Guest Article: TENI Director Broden Giambrone on the Gender recognition Bill 2014

Broden Giambrone is the Chief Executive of the Transgender Equality Network Ireland. TENI seeks to improve conditions and advance the rights and equality of trans people and their families. TENI works in four main areas: support, education, advocacy and capacity building.

Last December, the Irish Government introduced the Gender Recognition Bill 2014. This piece of legislation aims to formally recognise trans and intersex people in Ireland.

Legal gender recognition provides a process for an individual to change the gender marker on their birth certificate and be legally recognised by the State in their true gender. This is important for practical and political reasons. Practically, birth certificates are a foundational identity document and are used at key moments in our lives – when we go to school, access social welfare and get married. But legal reocgnition is also symbolically and politically important – it is the State recognising that trans and intersex people exist. This is critical because these communities are not covered in legislation and are not explicitly protected in Equality legislation. We are invisible in legal terms.

Over twenty years have passed since Dr Lydia Foy began her journey to be legally recognised and now the proposed legislation is weaving its way through the legislative process to become law.  This is good news for the trans community who have been waiting a very long time.

Legislating for legal recognition is to be welcomed but the Gender Recognition Bill that the Government is proposing falls short of human rights standards and will fail to protect the rights, dignity and privacy of our community. This legislation fails to protect the most vulnerable in our community.

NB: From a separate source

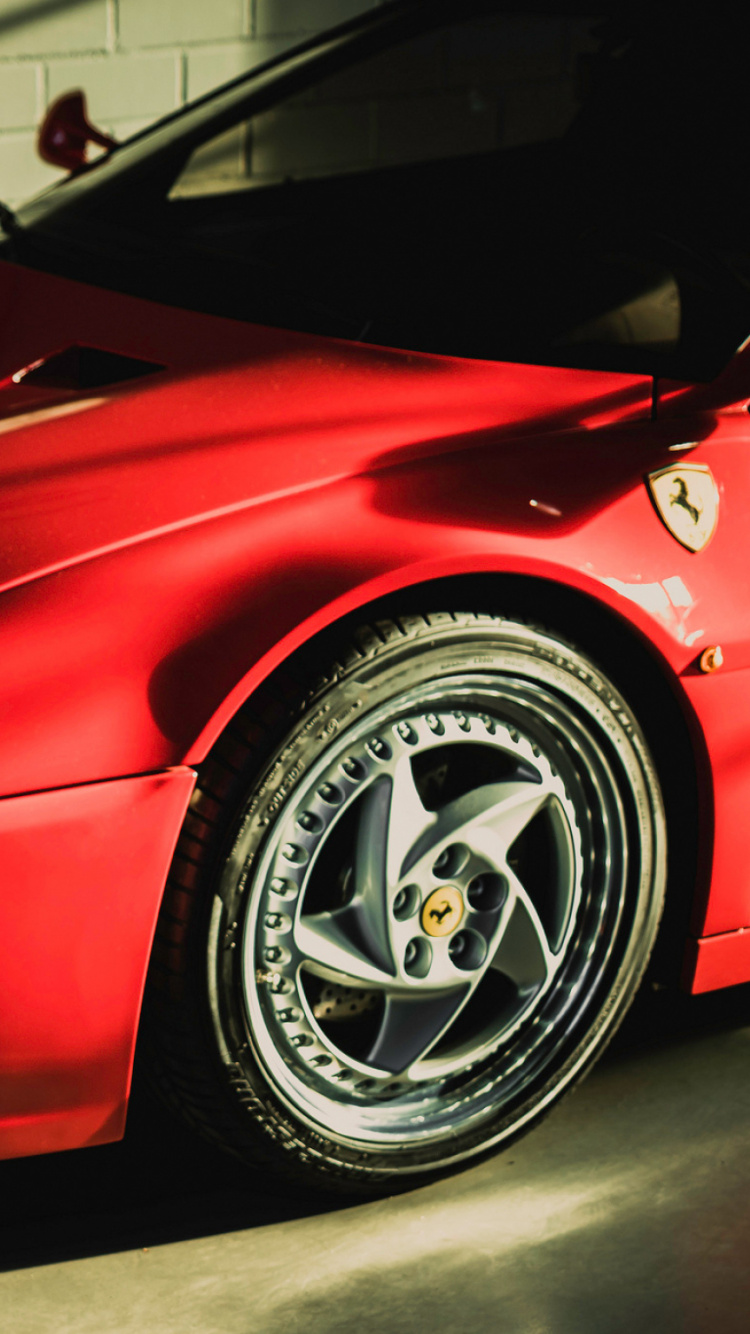 Ferrari Rouge 458 Italia Garée Devant un Mur Blanc. Wallpaper in 750x1334 Resolution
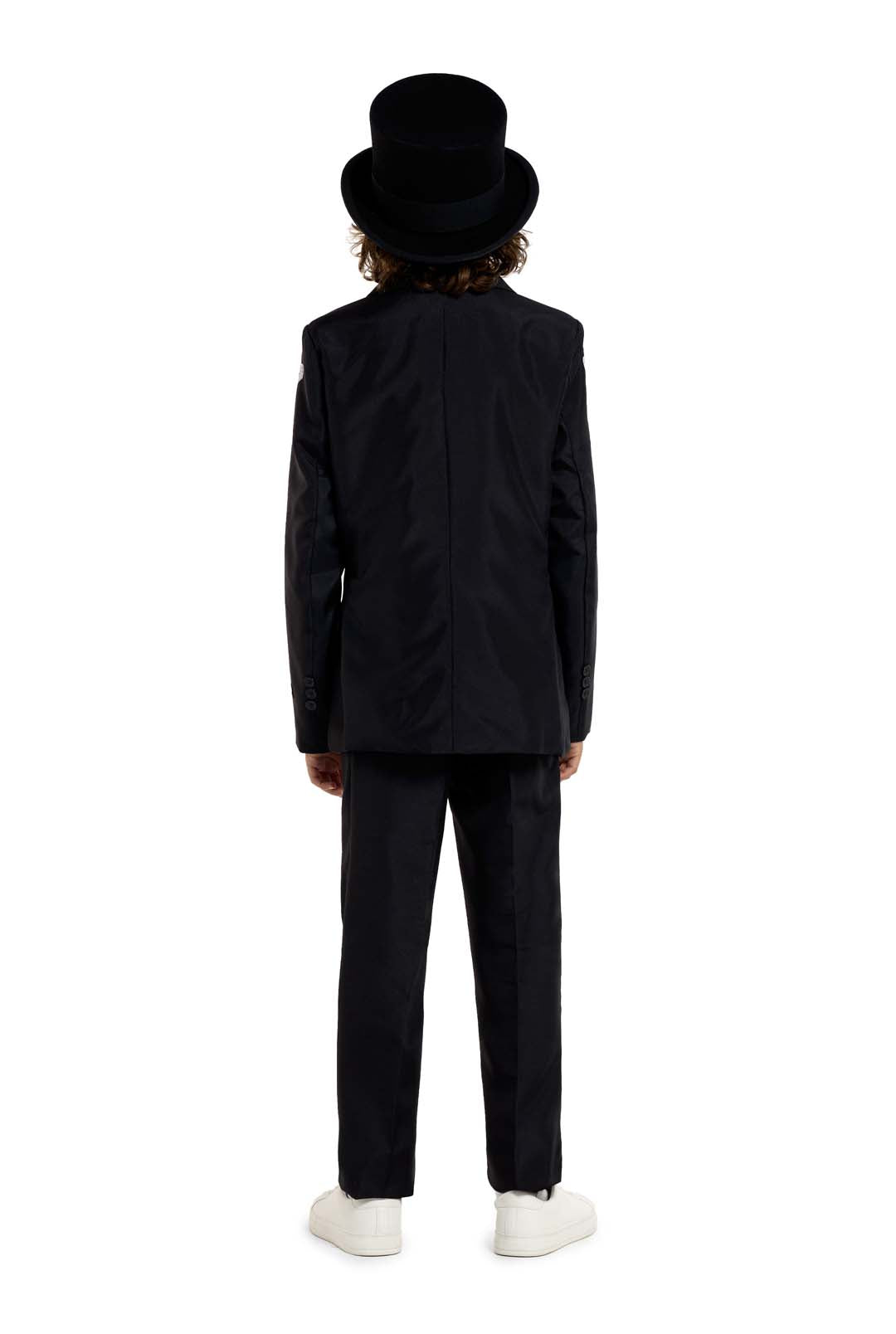 A person with shoulder-length hair is standing with their back to the viewer, wearing a Suitmeister Skeleton Grunge Black suit and a top hat. They are also sporting white sneakers against a plain white background.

The Gender Recognition Bill does not adequately address the needs of young trans and intersex people. While this Bill will allow 16 and 17 years olds to have their gender recognised, the criteria they must fulfil in order to receive recognition are unfairly onerous. It is suggested that they will need: parental consent, letters from two medical practitioners, and a court order. The criteria is so rigorous that it will  likely take these young people up to two years to fulfil and that they will in fact be 18 before they are legally recognised. This Bill also fails to provide any protection for individuals under 16.

Over the course of the last few years there has been a steady increase of families who have approached TENI for support for their trans children. These young people, many in their early-to-mid teens, face significant challenges in schools, including bullying at the hands of their peers and even from the administration. Many young trans people drop out of school because they cannot cope with a system that constantly denigrates their identity and excludes them. Legal gender recognition should be available to young people to ensure that their rights are protected.

The Gender Recognition Bill also introduces medical criteria that will stigmatise and pathologise our community. In the current Bill trans people will need to go to a psychiatrist or an endocrinologist and submit to a medical evaluation. There is no definition of medical evaluation in the legislation and this may result in an individual being forced to endure unnecessary diagnosis processes or, more troublingly, could result in physical examinations.  While many trans people medically transition, that is take hormones or have surgeries to align our bodies with our gender identity – not everyone can or will. Furthermore, medical interventions should be separate from a legal recognition process. Gender identity is deeply personal and all people should have the right to self-determine. In countries as diverse as Argentina, Denmark and soon Malta, this is how the legislation works.

Finally, this Bill requires that trans and intersex people be single before they can be legally recognised. Relationships that have survived when one spouse has come out or transitioned will be punished by the State. Individuals will now be forced to make an impossible choice: Split up your family or have your gender legally recognised. For happily married trans people this would mean perjuring themselves to attain a divorce. The Government have asserted that this provision is a direct result of the prohibition on same-sex marriage, however, legal experts have disagreed (http://humanrights.ie/children-and-the-law/ryan-on-gender-recognition-and-marriage/). Furthermore, this hinges one set of rights on another. And while the marriage equality referendum may resolve this issue in May, there is no certainty of its passage. In the meantime, married trans people will find their lives hanging in the balance. 

Legislation should reflect the lived realities of the people who it intends to protect.  The Gender Recognition Bill has the potential to truly improve the lives of trans and intersex people in ireland but it is imperative that the Government listens to the people whose lives this legislation will affect. Trans voices and lives need to be at the centre of this discussion if the right legislation is to be passed.